Whether you’re crafting the copy for your website or writing a novel, your customer craves clarity. She’s always thinking, “What’s in it for me?”
Good stories are always clear. But when you ramble, you flat out bore the customer, and you can even erode trust.
Why is this? Because if you don’t value the end user’s time, she won’t trust you. And you need trust. Trust is a major reason people stick around and buy.
A Real-Life Example
Over the past two months, I’ve been looking for a new car. I’ve searched Facebook and Craigslist. I’ve browsed countless car websites. I’ve gone to countless car dealerships in person. Some had no prices on any of the vehicles. Others had aggressive salesmen.
It was so stressful! The entire experience was a bit of a nightmare. Well, until I decided to look at the experience as an opportunity to learn some hands-on marketing in the real world. One place I looked for a car was Carvana.
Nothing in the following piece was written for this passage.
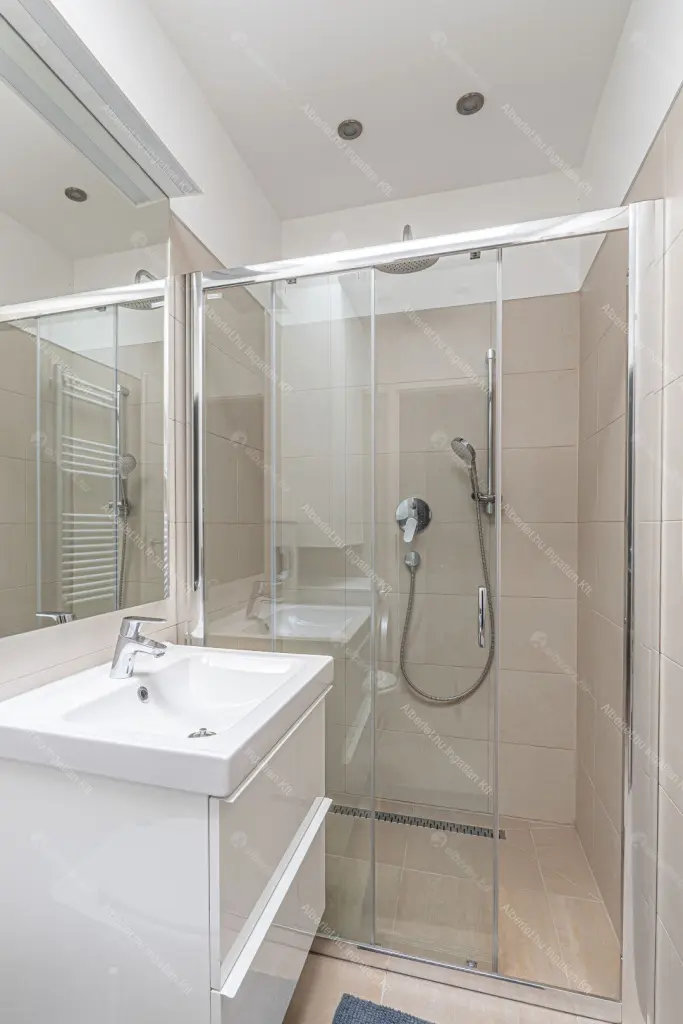 Kiadó albérlet 550000 Ft/hó áron: Budapest, VI. kerület  Vörösmarty utca. Mérete: 73 nm, 3 szobás | Alberlet.hu - 6701980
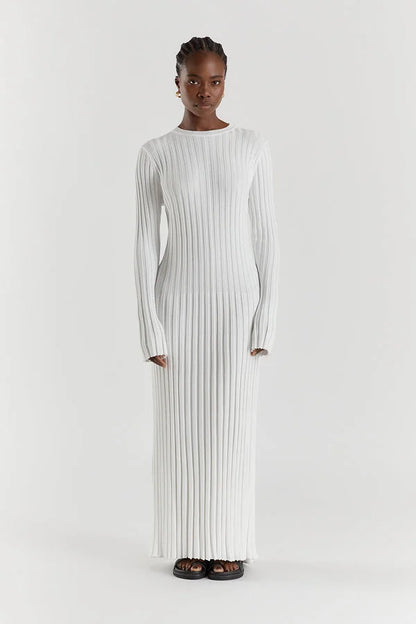 Schwarzes Midikleid für Damen mit rundem Ausschnitt und langen Ärmeln – Strickdesign aus weichem, elastischem Stoff 2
Just take a look at Carvana’s website. It’s simple. It’s clear. The tagline alone gives a sense of peace. I didn’t buy a car from Carvana (they didn’t have what I wanted), but I was impressed. Quite frankly, I trusted them just from how they presented themselves. I very well might buy a car from them at some point in the future.
What If a Website’s a Little More Busy?
Here’s another example of a website I found while searching for a car. I’d say this example is kind of in the middle: it’s not really good or bad. This website is a little bit more complicated than Carvana’s website. However, the icons used are pleasing. In the background is a video of the dealership, which lets the user know how the car dealership looks.
I rank this one in the middle because it still could be simplified a little bit more. I don’t know what “platinum advantages” are. And the copy saying “We’re better. We’ll prove it.” really doesn’t focus at all on the customer.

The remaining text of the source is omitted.